**What this task involves:**
Below are records with pictures; copy word for word only the lines between the line with "RCAHMW colour oblique" and the line with "Holiday Inn Express", inclusive, and drop the pictures.

**Records shown:**

::::

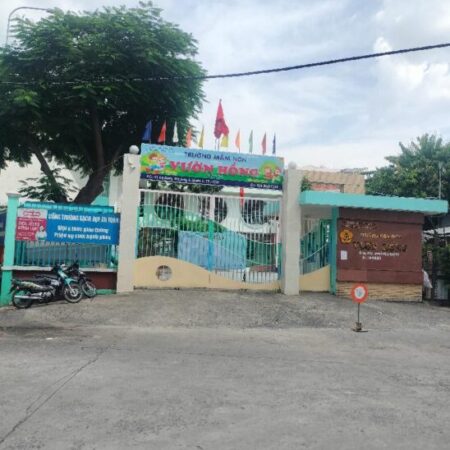 HẺM 2 XE TẢI TRÁNH NHAU , Ô TÔ ĐẬU TRƯỚC CỬA HOẶC NGỦ TRONG NHÀ. [P2Q8].SIÊU PHẨM DƯƠNG BÁ TRẠC.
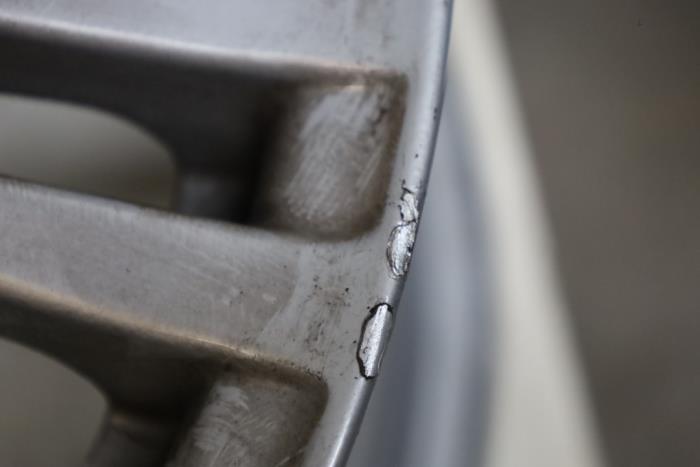 Gebruikte Velg Mercedes E (W212) E-350 CGI V6 24V BlueEfficiency Prijs € 90,00 Margeregeling aangeboden door Auto Demontage Elferink B.V.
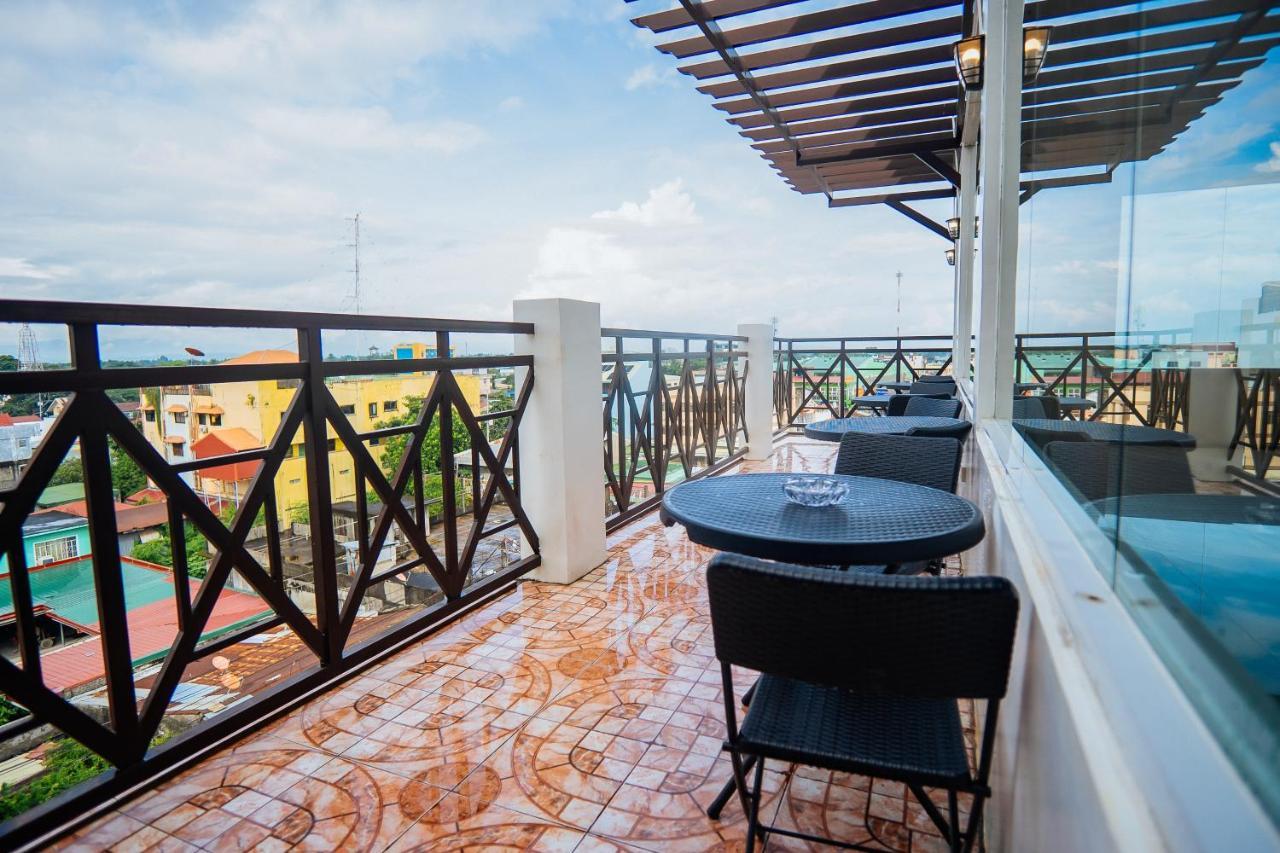 Reddoorz Plus @ Hotel Platinum Occidental Mindoro 산 호세 외부 사진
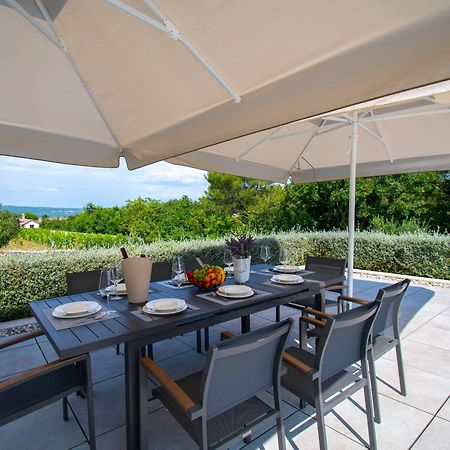 Martincic Residence - 5 Stars Luxury With Pool Heating On 4000M2 Rakalj المظهر الخارجي الصورة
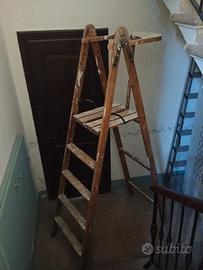 Scala in legno a libretto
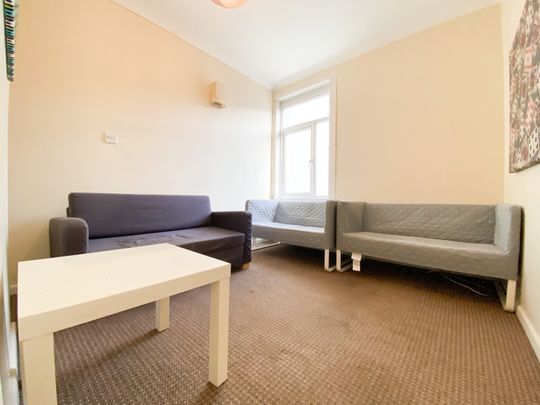 City Road, Roath - Photo 1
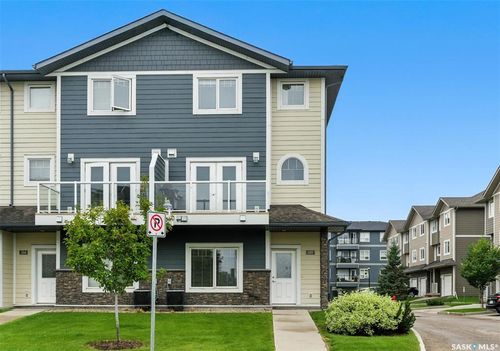 202-212 Willis Cres, Saskatoon, SK, S7T0R7 | Card Image
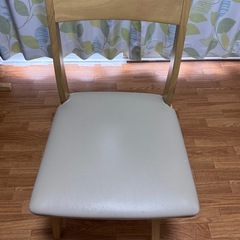 ニトリ　テーブル椅子セットの画像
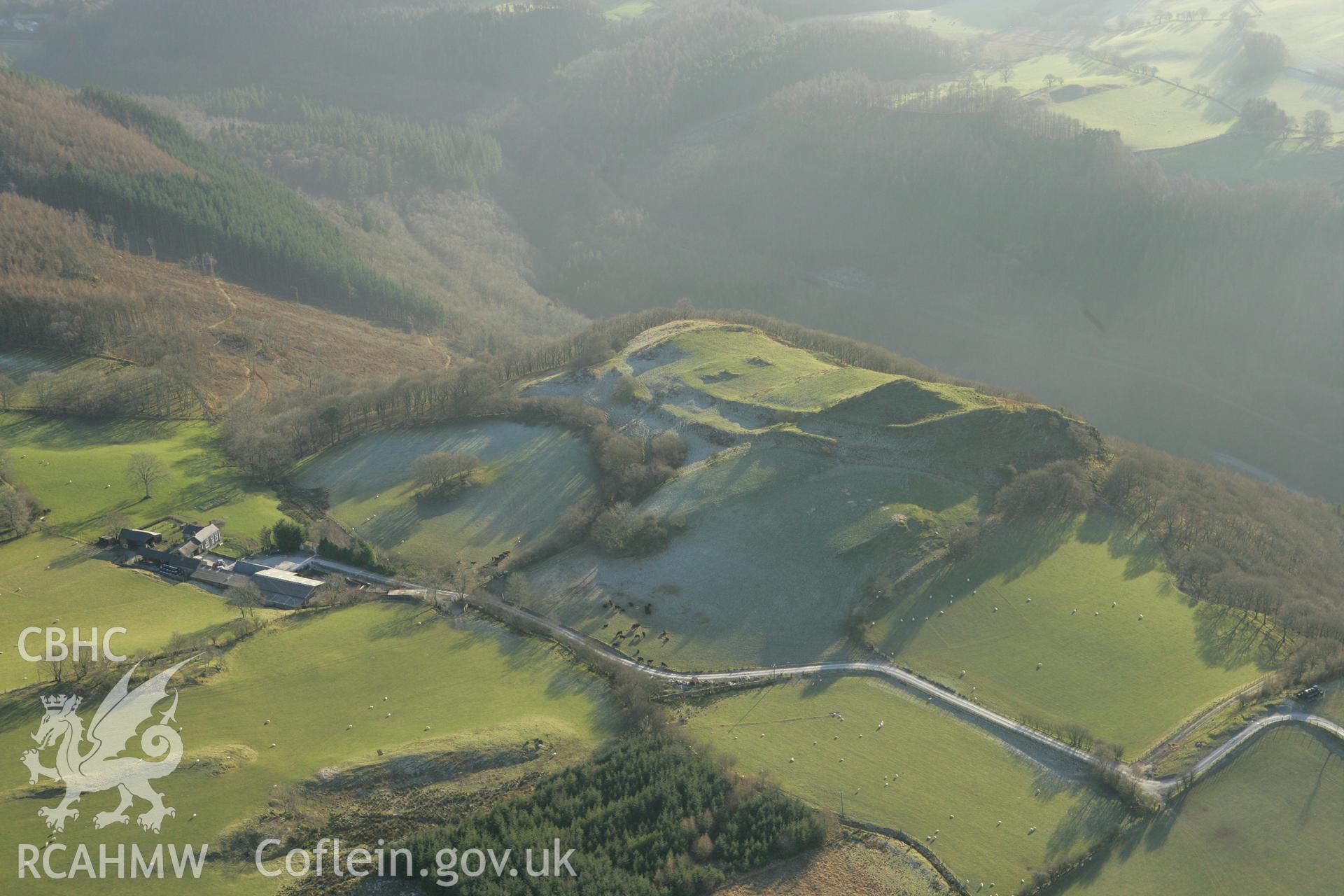 RCAHMW colour oblique photograph of Castell Grogwynion hillfort. Taken by Toby Driver on 20/12/2007.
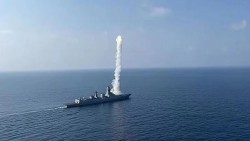 Ấn Độ ghi dấu ấn mới khi tàu khu trục lớp Visakhapatnam phóng thành công tên lửa Brahmos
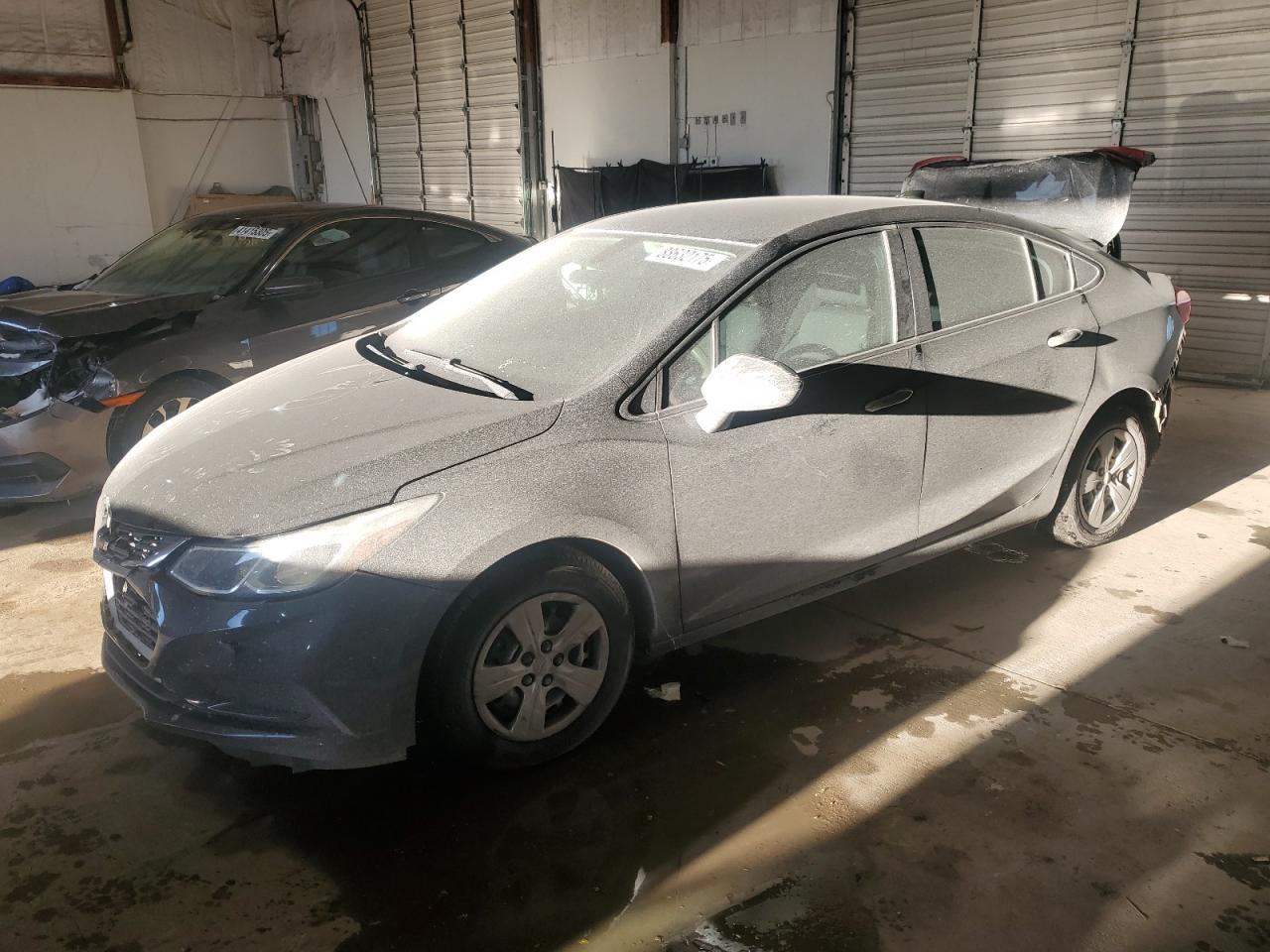 2018 Chevrolet Cruze - Image 1
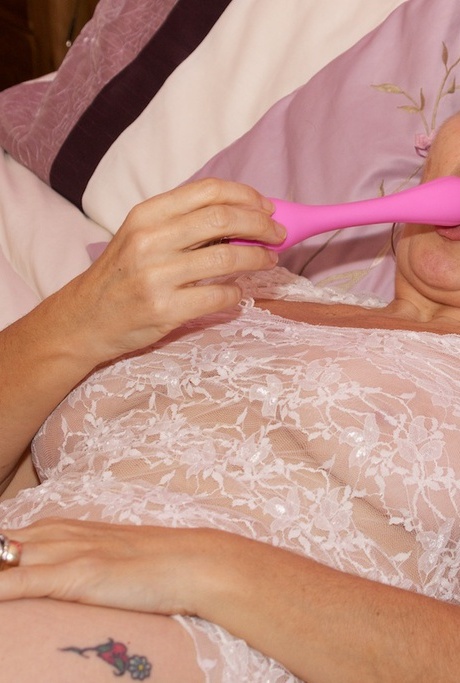 Возбужденная бабуля Савана в белом кружевном белье теребит свою старшую киску, стоя на коленях 17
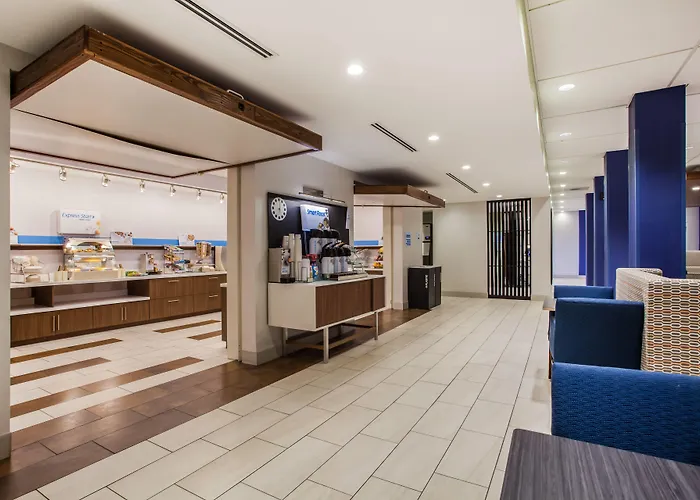 Holiday Inn Express & Suites Lexington Park-California By Ihg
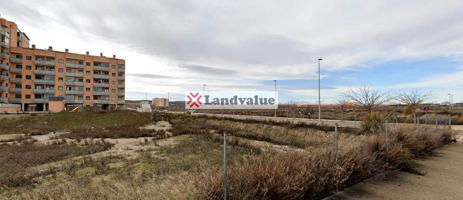 Terreno en venta en Zaragoza de 979 m2 photo 0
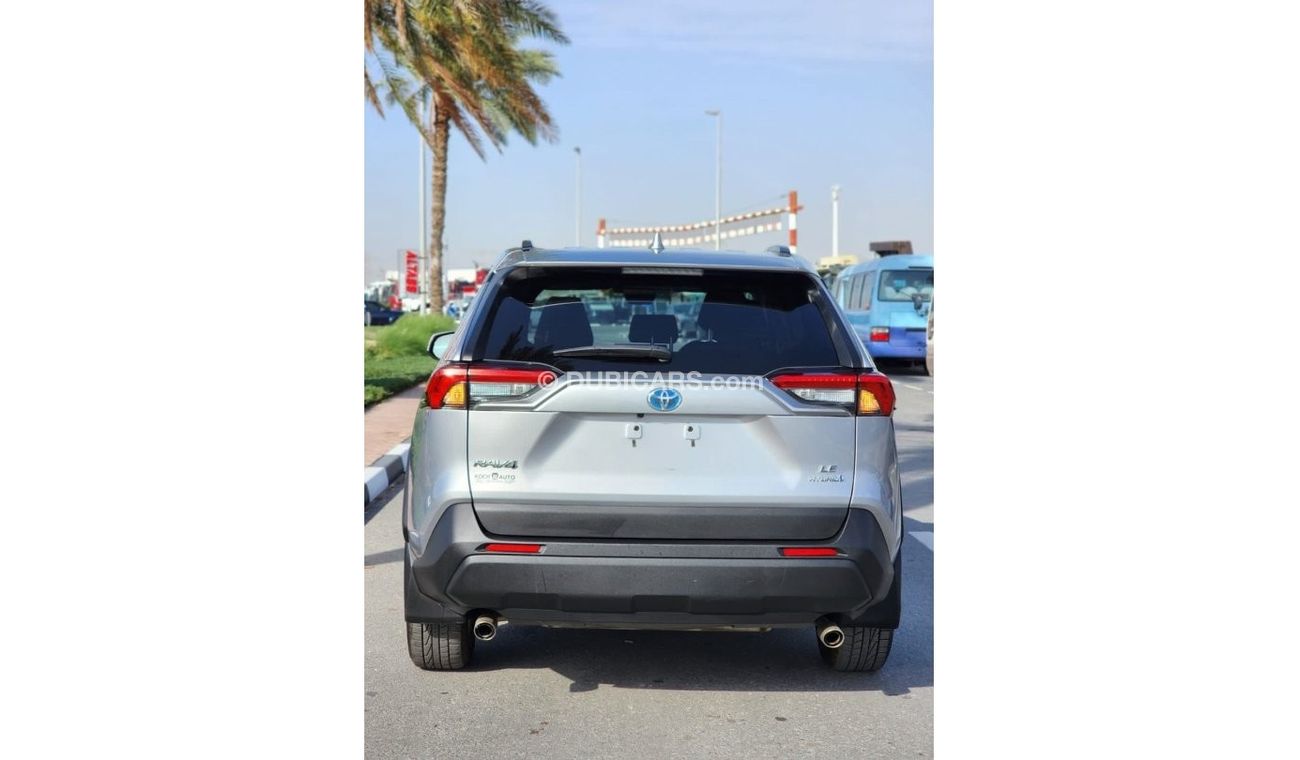 Used TOYOTA RAV4 Hybrid 2021 for sale in Dubai - 788240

::::

**Answer:**
 RCAHMW colour oblique photograph of Castell Grogwynion hillfort. Taken by Toby Driver on 20/12/2007.
 Ấn Độ ghi dấu ấn mới khi tàu khu trục lớp Visakhapatnam phóng thành công tên lửa Brahmos
 2018 Chevrolet Cruze - Image 1
 Возбужденная бабуля Савана в белом кружевном белье теребит свою старшую киску, стоя на коленях 17
 Holiday Inn Express & Suites Lexington Park-California By Ihg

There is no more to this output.